Kriegsreparationen "Das belastet das Verhältnis"

Deutsche Politiker haben sich bestürzt über eine kaum verhüllte Drohung des polnischen Parlaments geäußert, Deutschland für die im Zweiten Weltkrieg angerichteten Schäden zur Rechenschaft zu ziehen.

Die Forderung des polnischen Parlaments nach Entschädigungen für den Zweiten Weltkrieg ist bei deutschen Politikern auf Unverständnis gestoßen. "Das belastet das Verhältnis zwischen unseren Völkern", sagte die stellvertretende SPD- Fraktionschefin Angelica Schwall-Düren in Zeitungsinterviews. Der SPD-Außenpolitiker Markus Meckel sprach gegenüber der "Berliner Zeitung" von einem Rückfall in den "Geist der gegenseitigen Aufrechnungen", den er mit großer Enttäuschung zur Kenntnis nehme.

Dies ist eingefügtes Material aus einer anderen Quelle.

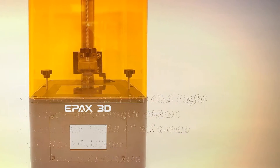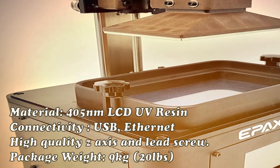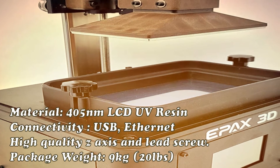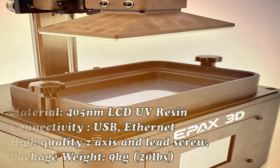High-quality E-axis and lead screw. Durable polycarbonate hood. High-quality brand USB stick. Molded vats and build plates, making extra vats and build plates very affordable.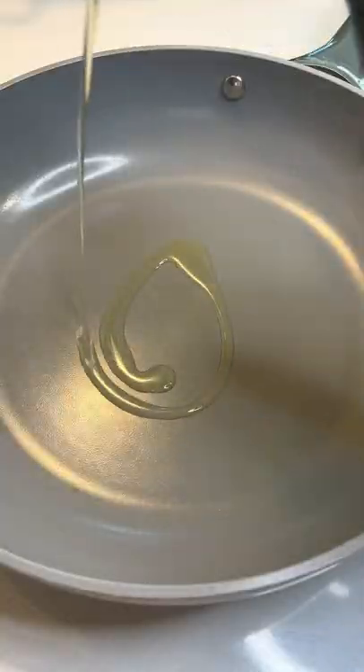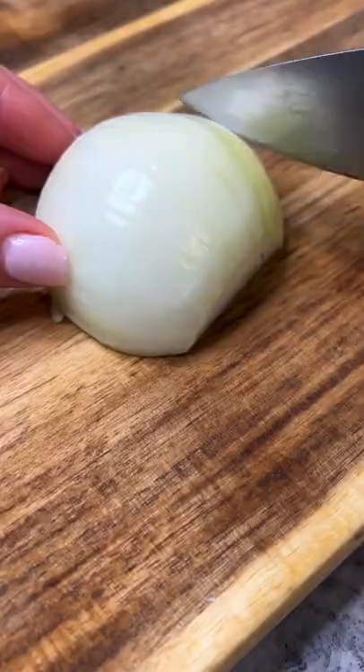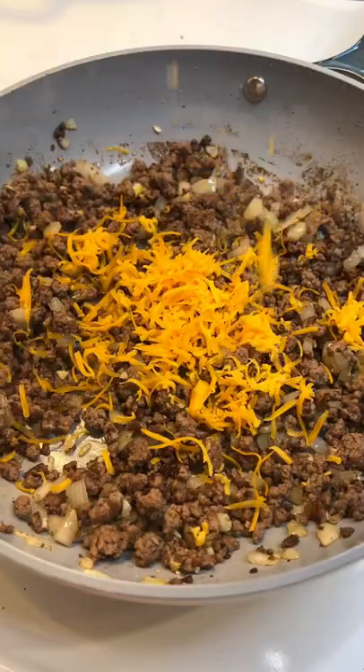Set it aside and in a pan on medium high heat, add a touch of oil and brown your meat until there's no longer any liquid. Salt and pepper to taste, finely dice your onion, chop the garlic, and add everything to your pan and saute for a few minutes.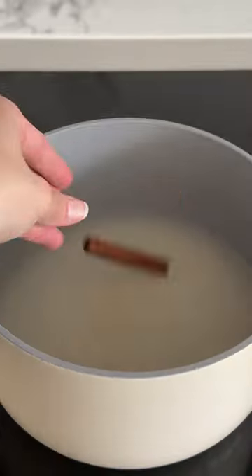Now that the custard is done, we're going to make our simple syrup, which is water, sugar, orange blossom water, a cinnamon stick, and a squeeze of lemon.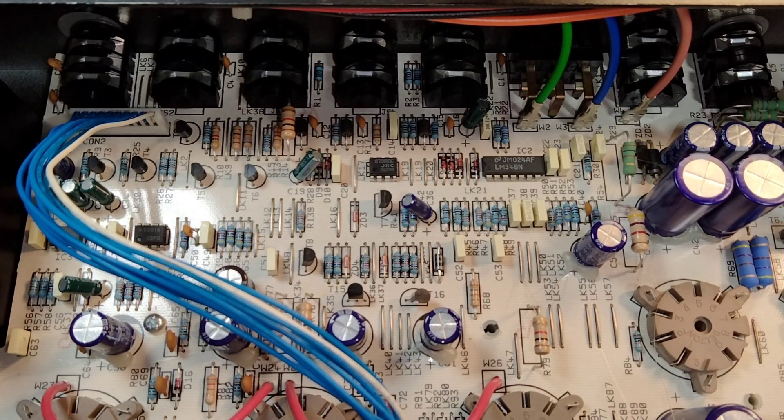This amp had a reverb that was always on, and no matter where you put the control, it was the same amount of reverb. My first inclination was to check the control — it checked good — and then to make sure that the ground going to the control was good, and it was.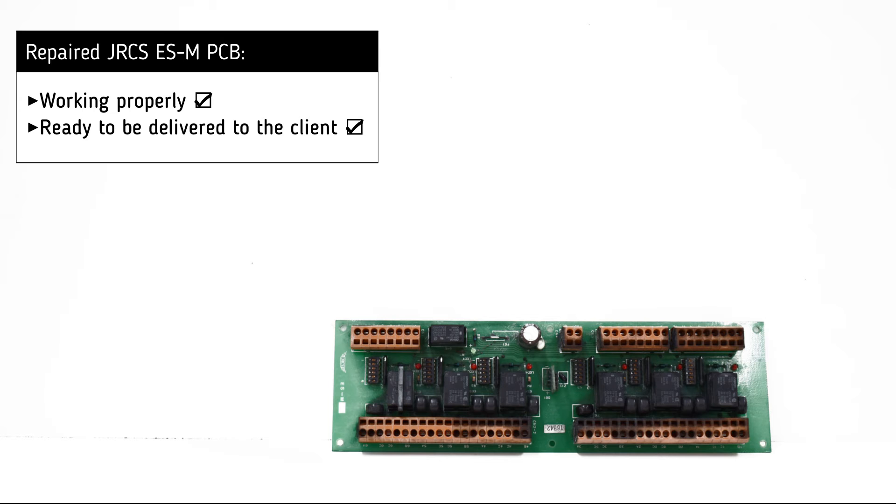It is now clear that the PCB is working successfully and is ready to be delivered to the customer.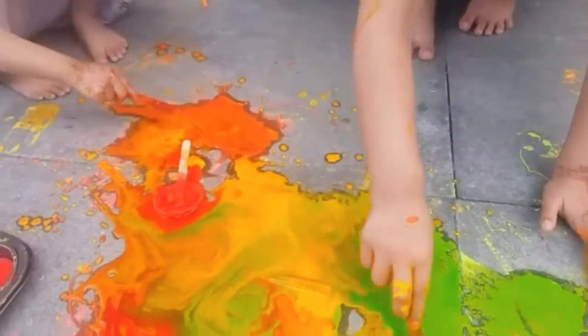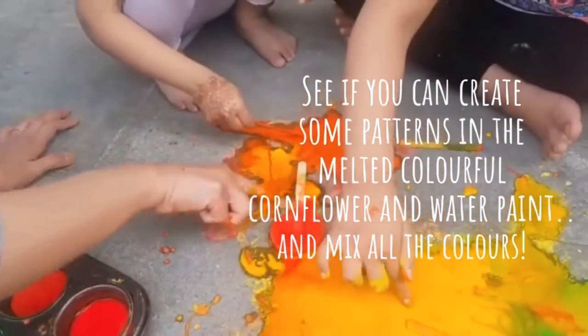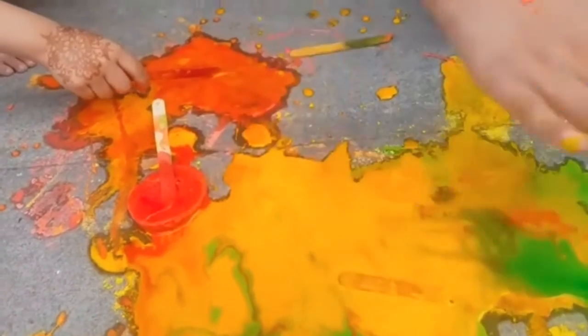I'll mix. Yeah, you're mixing the colours. Yeah. Look at my mixing colours. I'm going to make a lump. We can stump up our hands.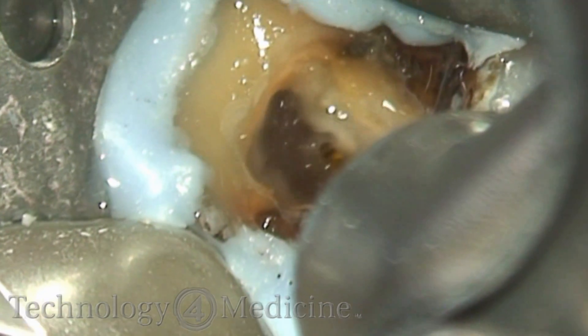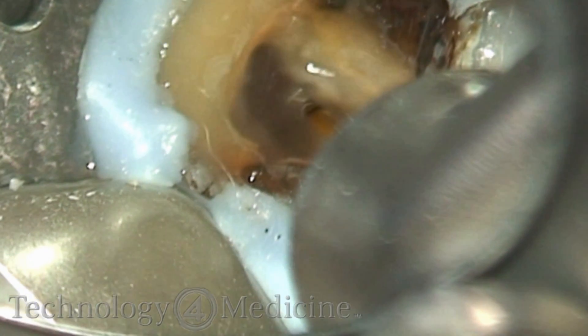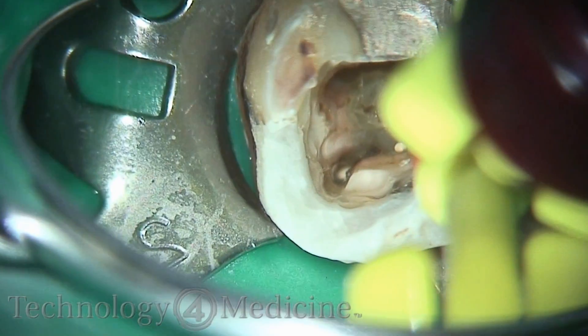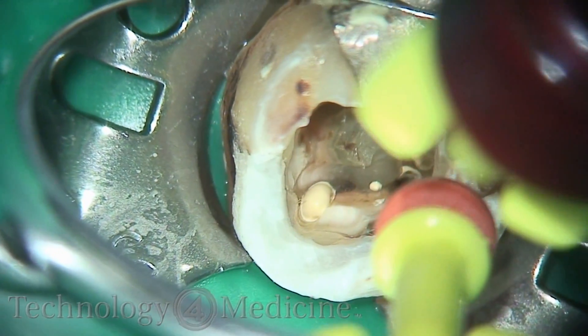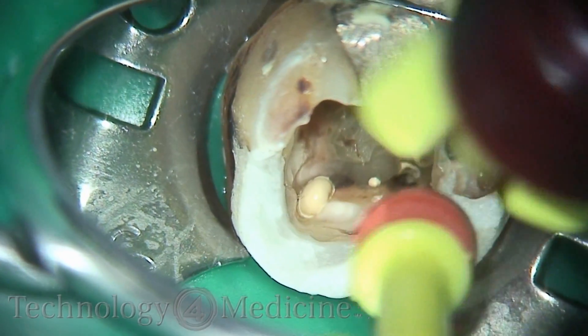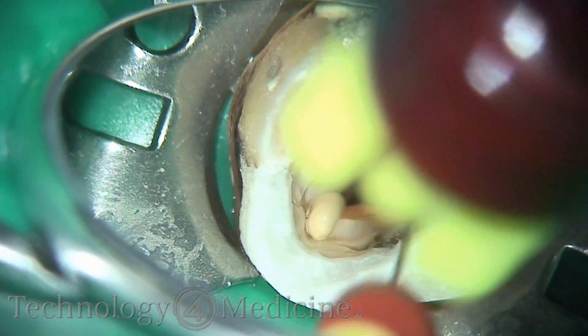I used to joke with Rico that maybe we're doing root canals on the entire arch if we're doing just one tooth with PIPS because it's so powerful. This was one of the first teeth I ever did where I saw anastomosis — filling the mesial buccal canal of a lower molar and watching it come up the mesial lingual canal of a lower first molar.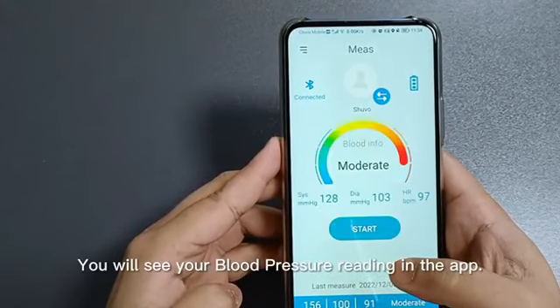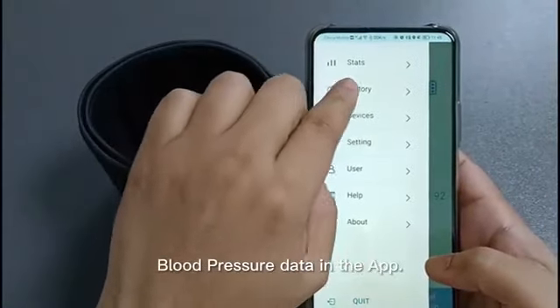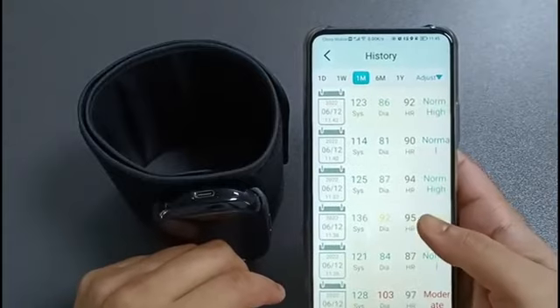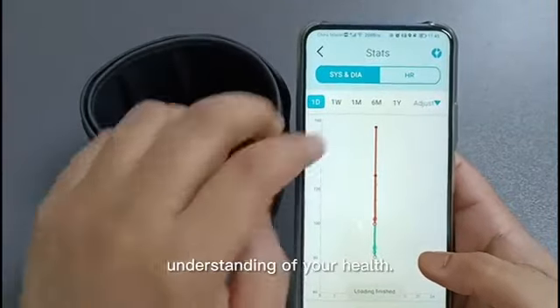You will see your blood pressure reading in the app. You can also see your previous blood pressure data in the app. The app will help you to analyze your blood pressure data for a better understanding of your health.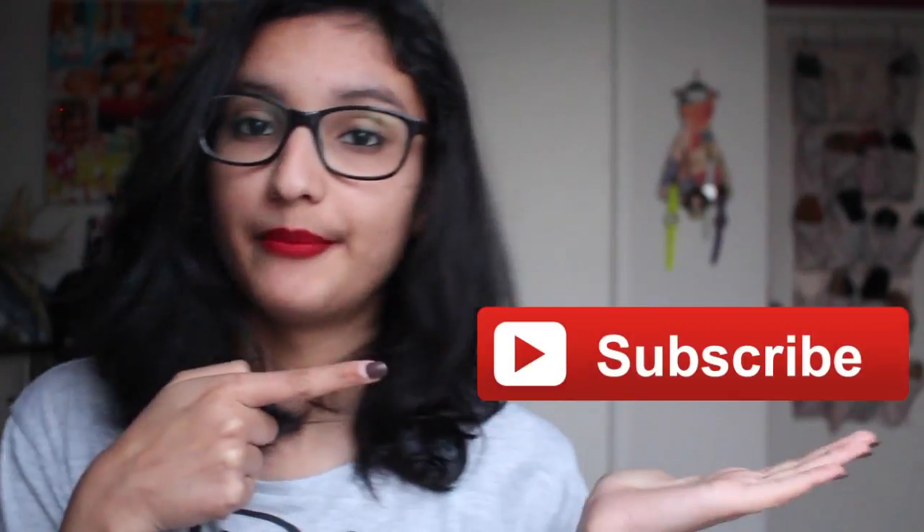If you guys enjoyed the video, be sure to give it a thumbs up and subscribe to my channel — the button is right there. Let me know in the comments below if you're going to try any of these different things out, because I'd be really interested to know. I'll see you guys all next week, bye!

Polens Parlament fordert Reparationen

Das polnische Parlament hatte die Regierung in Warschau am Freitag zu Reparationsforderungen gegenüber Deutschland aufgefordert. In einer fast einstimmig verabschiedeten Entschließung wurde betont, dass Polen bisher keine "angemessene finanzielle Entschädigung und Kriegsreparationen" für die Zerstörungen im Zweiten Weltkrieg erhalten habe. Ministerpräsident Marek Belka äußerte sich zurückhaltend zu der rechtlich nicht bindenden Entschließung. Die Bundesregierung wollte den Beschluss nicht kommentieren.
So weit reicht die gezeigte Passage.